Search code examples
azureazure-synapse

Azure Synapse Workspace: Where the scripts are published?


In an Azure Synapse workspace, there are two options (shown in red below) for publishing your content. Question: Where the content/scripts are published, and how can we access them after publishing?

enter image description here


Solution

  • I find this to be one of the more confusing topics in Synapse. It also applies to Azure Data Factory (ADF). The short answer to your question is that it gets Published to the Live Synapse service. The longer version is below.

    Azure Synapse has two modes: Synapse Live and (optionally) Git connected.

    Live mode

    Live mode is the "production" version. It contains all the artifacts (scripts, notebooks, pipelines, and others) that can be accessed by your users (assuming proper security, etc.) It is also what surfaces artifacts that can be executed externally, like Pipelines. When you execute a pipeline externally (say from a Logic App), it is the Live version that executes. [again, same in ADF]

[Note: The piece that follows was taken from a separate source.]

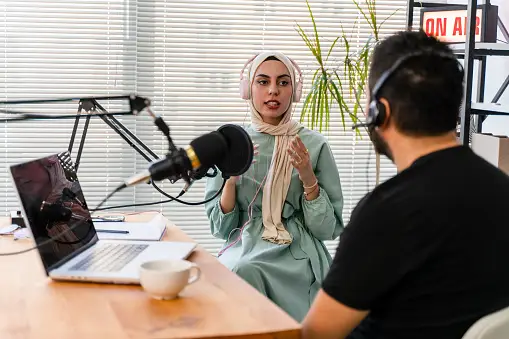 A lady wearing a hijab being interviewed by a male in a podcast recording setting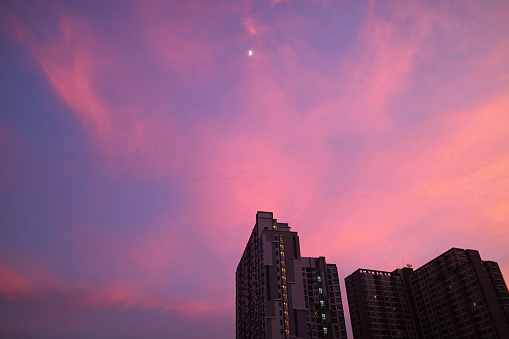 Romantic sunset sky over the city with a bright quarter moon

    Whether you work in the workspace directly (as your image implies) or in Git branches (more on this below), you can think of those as "development" versions. "Publish" promotes the artifacts from development to production.

    In Live mode, the ONLY way to save the artifacts is to Publish, so in a way you are working directly in Production: your saved version is ALWAYS the Published version. For any real work involving teams, this can be troublesome. It is highly recommended that you connect your Workspace to a Git repository.

    Git mode

    When your workspace is connected to Git, you work in a branch. By default, this will most likely be the "main" branch. The main branch is your trunk, and you can only Publish from main. But you can work for a very long time in main without ever publishing, so it really becomes a true development environment.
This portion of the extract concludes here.